Acts Online
GT Shield

National Water Act, 1998 (Act No. 36 of 1998)

A Pricing Strategy For Raw Water Use Charges

4. The Objectives that Shape the New Pricing Strategy

 

 

The following objectives are of equal importance in formulating the new pricing strategy:

Social equity 1
Ecological sustainability
Financial sustainability
Economic efficiency

 

Each of these are elaborated upon below. These objectives are incorporated into the implementation of the new pricing strategy, which is discussed in part 5.

 

1 Technical and other terms are explained in the glossary at the end of this report.

 

4.1 Social Equity

Apartheid policies distorted the provision of water supply services, so that in 1994 an estimated 12 million people did not have adequate supplies of potable water. Apartheid also generated a biased approach to water resource management, and allocation was never merely an economic matter, but a socio-political one. Government water policy, and in particular the provision of subsidies (including those associated with the provision of irrigation water), resulted in considerable advantages to large, mainly white commercial farmers at the expense of emerging black farmers and smallholders. The pricing strategy for water use charges coupled to the granting of financial assistance, will achieve social equity by redressing the imbalances of the past, both with respect to equitable access to water supply services and with respect to direct access to first tier water.

 

4.2 Ecological Sustainability

South Africa is committed to following a path of development that is environmentally sustainable. In the case of water, this requires that the availability and quality of water resources inherited by future generations should be adequate to ensure human well-being and the maintenance of ecosystems. As part of overall water resource management, this means that we need to ensure that our levels of water consumption, use, and pollution, as well as the associated infrastructure to impound, supply, treat and dispose of the water, do not cause either unacceptable or irreversible impacts on the population or ecosystems.

 

The following principles underlie ecological sustainability in the water pricing strategy:

In terms of Chapter 3 of the National Water Act, 1998, the water needs for the effective functioning of all ecosystems must be protected. The water required for this purpose refers to both the quantity and quality of water in the resource and is called the ecological reserve. It must be safeguarded and not used for other purposes.
There is a cost associated with the ecological management of the catchment, and this should be paid for by all the users of the resource [S 56(2)(a)(iv)].
To preserve water quality, point and diffuse sources of pollution should be discouraged through identification of control methods that are more effective than those presently in use. This requires the adoption of instruments such as a "polluter pays" approach to the generation of pollution. The underlying philosophy of the ‘polluter pays’ principle is to get the polluter to internalise the environmental cost of pollution.

 

As indicated in 5.2 and 7.1, the "polluter pays principle" does not form part of this pricing strategy and will be introduced at a later stage together with waste discharge charges.

 

4.3 Financial Sustainability

The methods that have been used by DWAF to finance major bulk raw (i.e. first tier) water schemes in the past are not financially sustainable for a number of reasons.
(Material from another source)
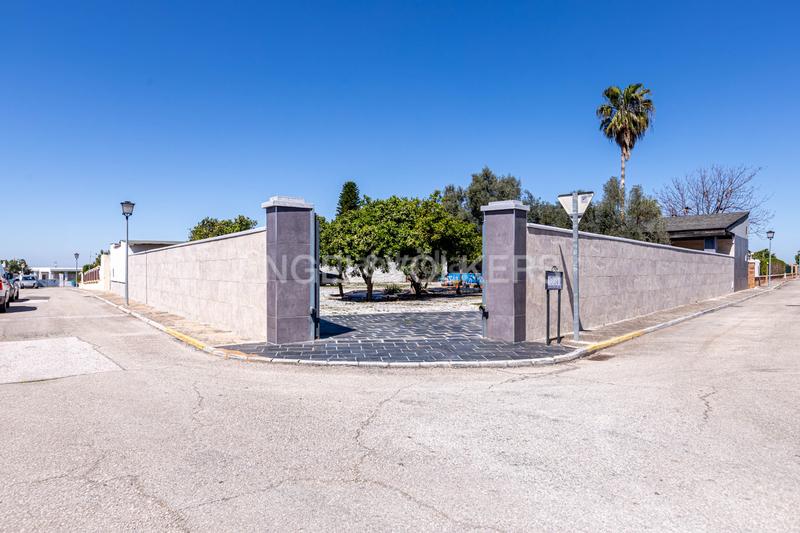 Foto 3c0f0cdb-116d-44b7-bdfe-35b3f8b1840b. Casa amb calefacció a La Paz Alcalá de Guadaira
First, inflation was not taken into account, resulting in a decline in the value of tariffs over time in real terms. Second, no provision was made for refurbishment. And third, no provision was made for asset replacement.

 

A new financial framework is required to accommodate the water sector’s increased need to be financially autonomous, to attract greater contributions to its development from the private sector, and to be financially accountable and sustainable.

 

In the new approach to water pricing, it is proposed that the full financial cost of supplying water should be recovered from water users, including the cost of capital. The new approach would however, be phased in by taking account of the constraints within various user sectors to adapt quickly to price increases.

 

4.4 Economic Efficiency

Section 56(2)(c) of the National Water Act, 1998, provides for setting a water use charge for achieving the equitable and efficient allocation of water. Economics is concerned with the optimum allocation of scarce resources between competing uses. This applies equally to the capital resources used in the development of water infrastructure (i.e. dams, reservoirs, pipelines, etc.), and to natural resources such as water. In theory, meeting the goal of optimum resource allocation requires that goods be priced at their opportunity cost, which is simply the value of goods forgone (including environmental goods and services), when a scarce resource is used for one purpose instead of for its best alternative use.

 

If South Africa’s water resources were abundant, there would be no need to consider attaching a price to the water resource itself. However, the need for water conservation and management of demand in conditions of growing scarcity is an important and increasing focus for water policy.

 

Ensuring an efficient allocation of the country’s scarce water resources requires that the price of the resource be set to reflect its scarcity value. Failing to price water at its scarcity value can result in two kinds of misallocation of water:

an inadequate incentive to conserve water. The resultant over-use necessitates the expansion of infrastructure prematurely, tying up the country’s limited capital resources when they could be better utilised for other purposes.
some water being used for low-value purposes. This imposes an opportunity cost in that this same water cannot be used for alternative, high-value purposes. Without an economic charge, there is no basis for competition for water supplies between low- and high-value uses, and thus no incentive to shift available supplies from the former to the latter.

 

In the context of water scarcity, an argument can be made for the introduction of economic incentives in water-stressed catchments to encourage the conservation of water and its shift from low to higher value use. This can be done administratively or by using market-related mechanisms.